Move fast and break things I guess. Only it is the worlds largest browser and the risk of breaking things means financial ruin and/or the end of the internet as we know it as a human to human communication tool.
> We view browser-using AI as inevitable: so much work happens in browsers that giving Claude the ability to see what you're looking at, click buttons, and fill forms will make it substantially more useful.
A lot of this can be done by building a bunch of custom environments at training time, but only a limited number of usecases can be handled that way. They don't need the entire data, they still need the kind of tasks real world users would ask them to do.
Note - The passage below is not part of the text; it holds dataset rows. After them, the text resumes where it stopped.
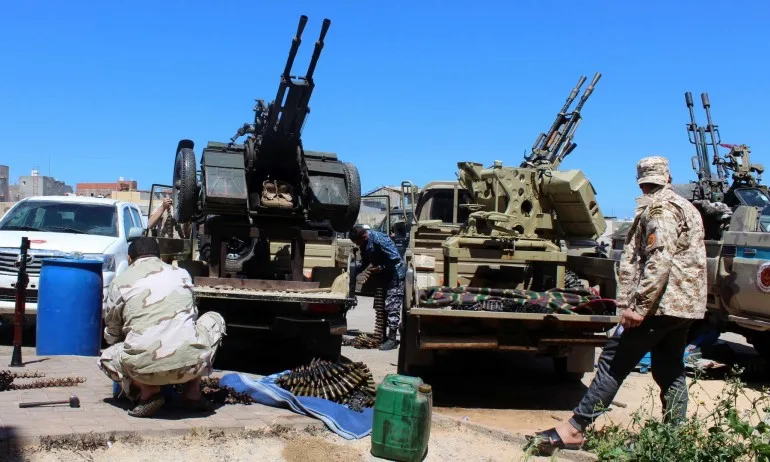 Примирието в Либия приключи за 2 дни, силите на Хафтар бомбардираха Триполи - Tribune.bg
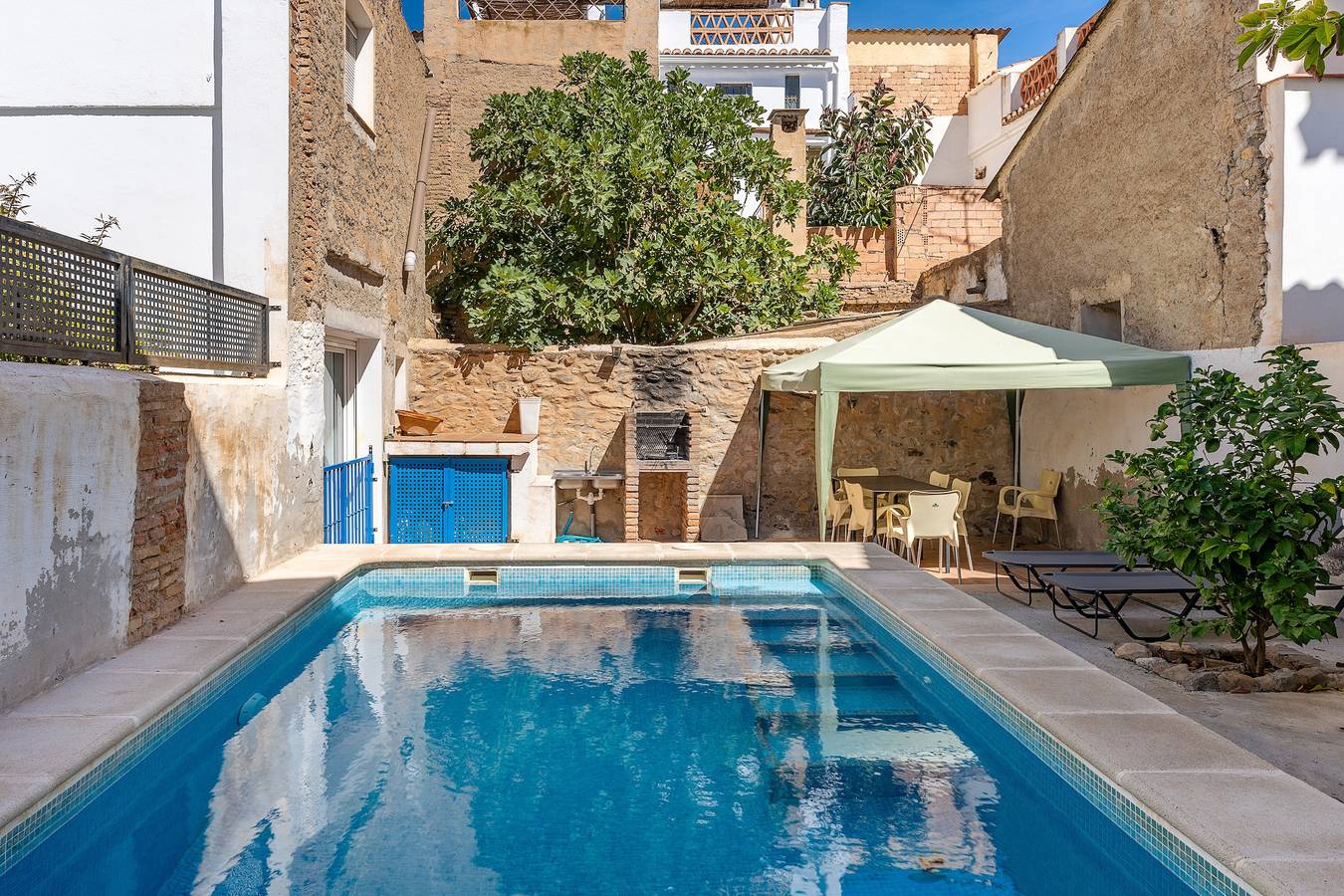 Maison de vacances "Adriana" avec piscine privée, terrasse et Wi-Fi in Murchas, Lecrín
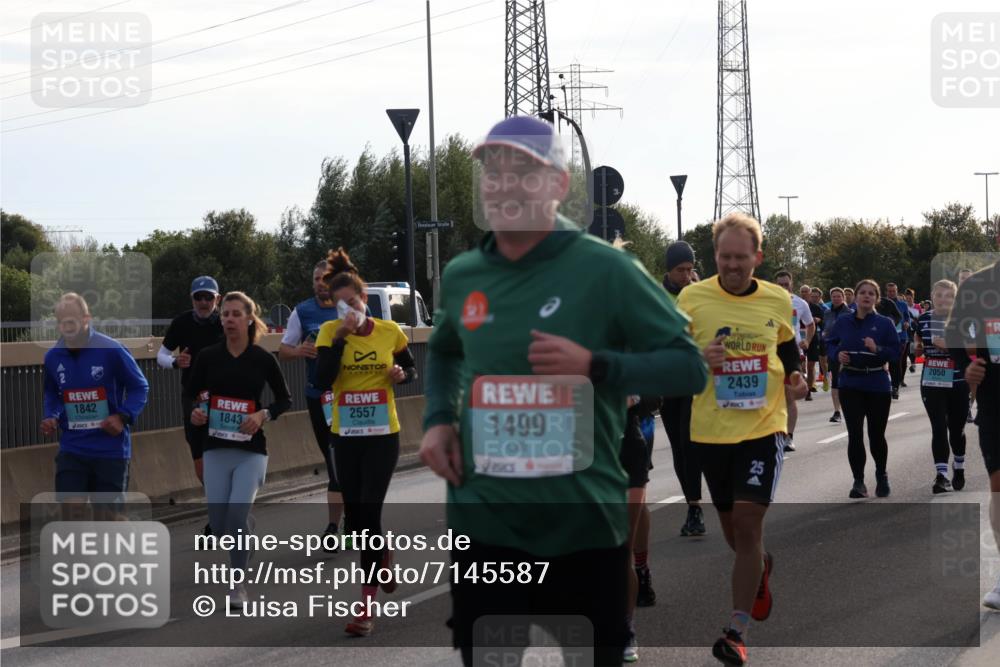 03.10.2024 - Köhlbrandbrückenlauf Luisa Fischer http://msf.ph/oto/7145587 03.10.2024 09:15:12 Position 3 1842, 1843, 2557, 1499, 2439, 21, 2050 meine-sportfotos.de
Hence, the press release pretty much saying that they think it's unsafe, they don't have any clue how to make it safe without trying it out, and they would only want a limited number of people to try it out. Give their stature, it's good to do it publicly instead of how Google does it with trusted testers or Openai does it with select customers.
I think this is more akin to say a theoretical browser not implementing HTTPS properly so people's credentials/sessions can be stolen with MiTM attacks or something. Clearly the bad behavior is in the toolchain and not the user here, and I'm not sure how much you can wave away claiming "We told you it's not fully safe." You can't sell tomatoes that have a 10% chance of giving you food poisoning, even if you declare that chance on the label, you know?
I don't know how these people sleep at night knowing they are actively ruining society.
To misquote the IRA - "[Scammers] only need to be lucky once, you need to be lucky every time." Even a 1% chance of getting pwned every time you get sent a malicious email is way too high. Plus the scammers aren't gonna rest on their laurels - they'll be iterating too.